I snapped out of my thoughts as I felt sparks through my right arm, then pain because of the bruises. Logan stood in front of me with a concerned look.

''Are you okay?'' He asked, concerned. If I'm okay? You dumb shit left me scared to death thinking you were dead. And you never called back only a text that was saying 'sorry'.

I pulled my arm away. ''I'm fine,'' I replied. I'm not. I just want to cover myself with blankets and cry. His face is perfectly fine. Not even a bruise or a scratch. I rubbed my arm, trying to make the pain go away. But obviously, he had to see it. He grabbed back my arm and slowly lifted up my sleeve.

He looked back at me and had a look of guilt. ''I'm so sorry.'' He gently touched it which made me calm down.
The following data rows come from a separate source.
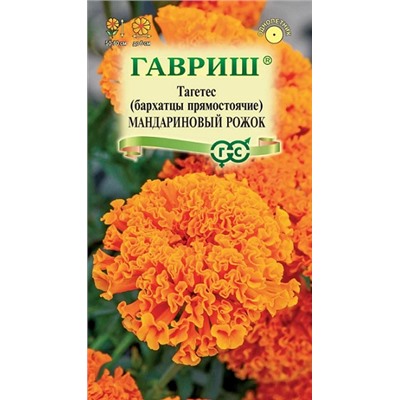 Бархатцы Мандариновый рожок (Код: 92900)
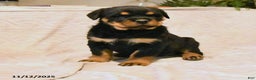 Rottweiler dogs for sale: Bella   - Ad 2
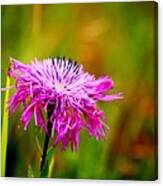 Wildflower On The Chisholm Trail Canvas Print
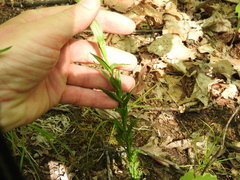 Borodinia missouriensis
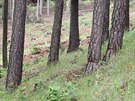 V lese mezi Horními Vilémovicemi a Peckovem pokodil stovky strom.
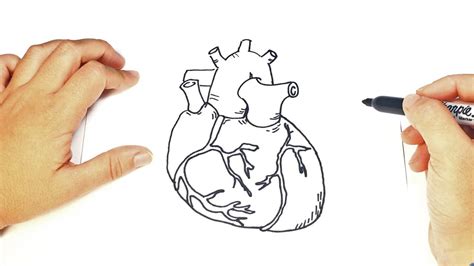 Cómo Dibujar Un Corazón Humano 】 Paso A Paso Muy Fácil 2023 Dibuja Fácil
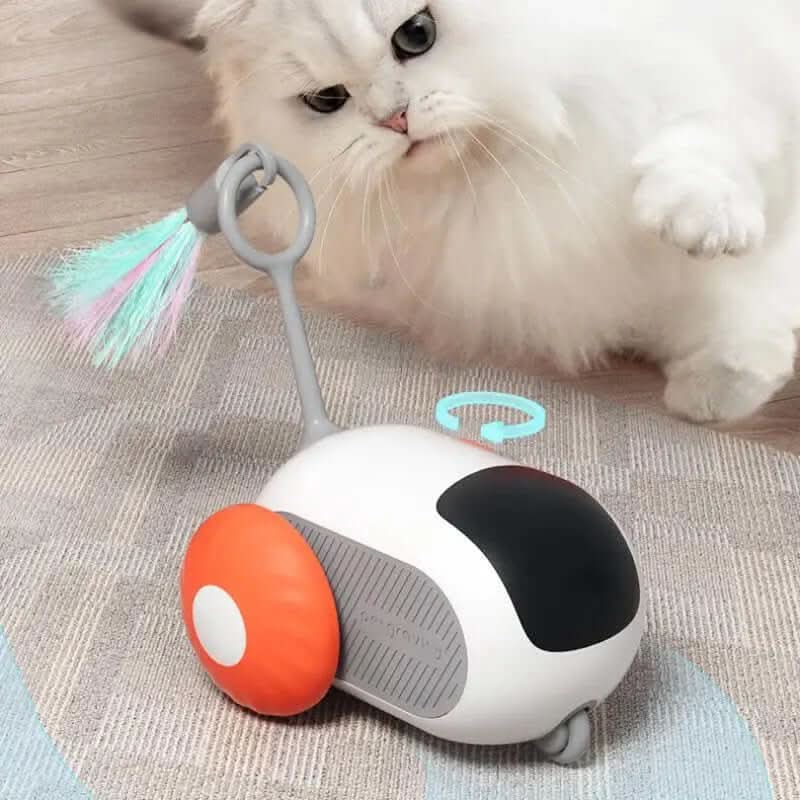 jouet interactif télécommandé pour chat Les Visionnaires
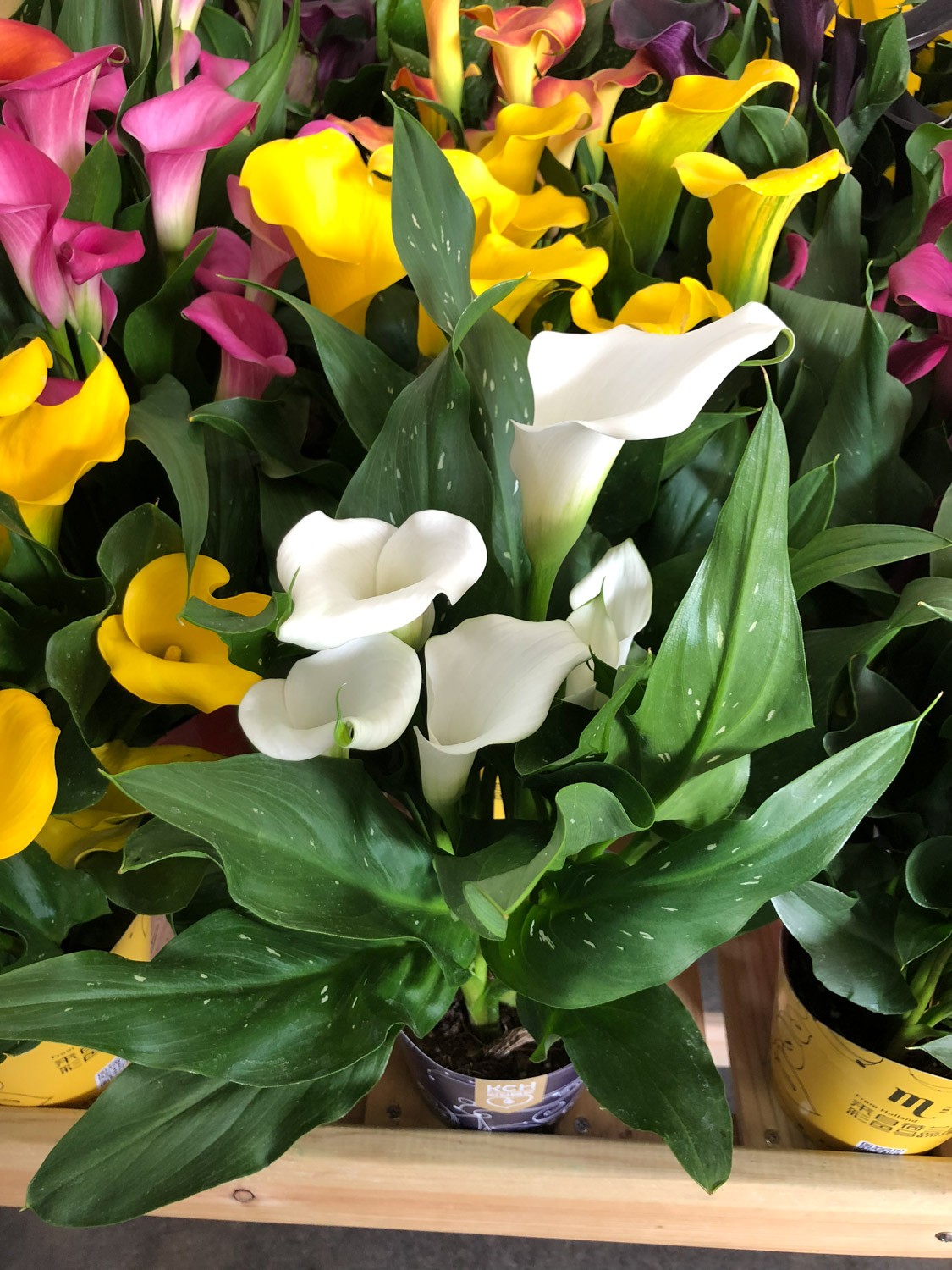 calla lily 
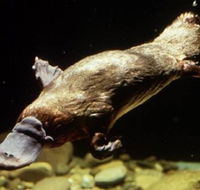 Platypus Pool - Darwin Holiday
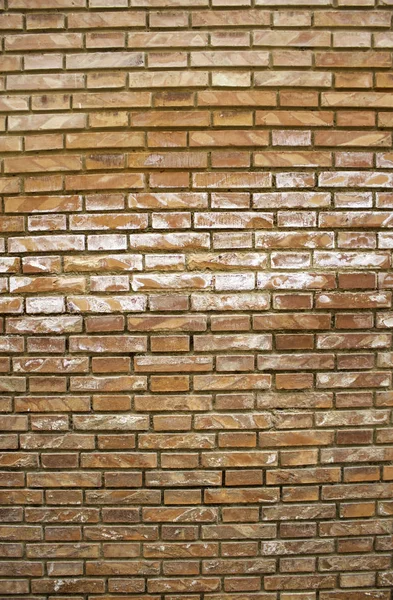 Dekorativní kamenná zeď — Stock fotografie
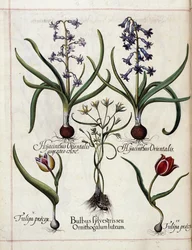 Hyazinthe und Tulpe, aus 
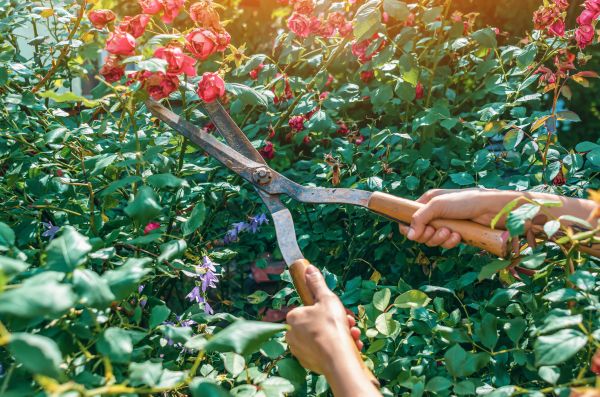Knockout Roses Pruning in Lake Havasu City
I hate it! Every time he touches me, I feel safe, sparks and all that crap. I pulled my arm away from him and pulled my arm out of his grip. People just walked by us. None of them looked at us. That's what I was saying. People are too focused on themselves that they don't notice what's around them. ''I'm sorry.'' I really want to forgive him, but at the same time, I don't know if I can. I had trouble sleeping because he didn't answer my calls or my texts. I was so worried and now, he just--he just, looks normal, like if nothing had happened.

I ignored him and walked past him. This is insane! Like freaking insane! Scratch that. It's fucking insane!

Someone grabbed my arm and by the sparks, I knew it was Logan. Then I was pulled into the janitor room.

He closed the door and I glared at him.

He turned around to face me and I started yelling, ''What the hell is wrong with you?!!'' He took a step closer, but I pushed him back. ''Stay away from me!'' There was still a small part of me that was trying to convince me he wasn't one of them.

''Vanessa...'' He began, but I cut him off.

''No! That's not normal Logan.''

''I'm sorry,'' He repeated again. If he says it again, I swear, I will explode of anger.

''Stop saying that! You kept this away from me for months! I was worried about you this weekend! You didn't answer my text, then you come to school looking fine and start acting as nothing happened.'' I crossed my arms over my chest and glared at him.

He sighed, ''Look, I can't explain.''

''Then I'm out,'' I stated. I tried to walk past him. I placed my hands on his chest as I tried to shove him away, but he didn't move an inch. I let out a sigh and stepped back. He looked at me with a guilty look on his face. ''Don't you dare to say it. I swear if you apologize again, I'll--ugh!'' I don't even know what I'm feeling right now. The only thing I did was to punch his chest and he didn't seem fazed by it which frustrated me even more. "You're one of them."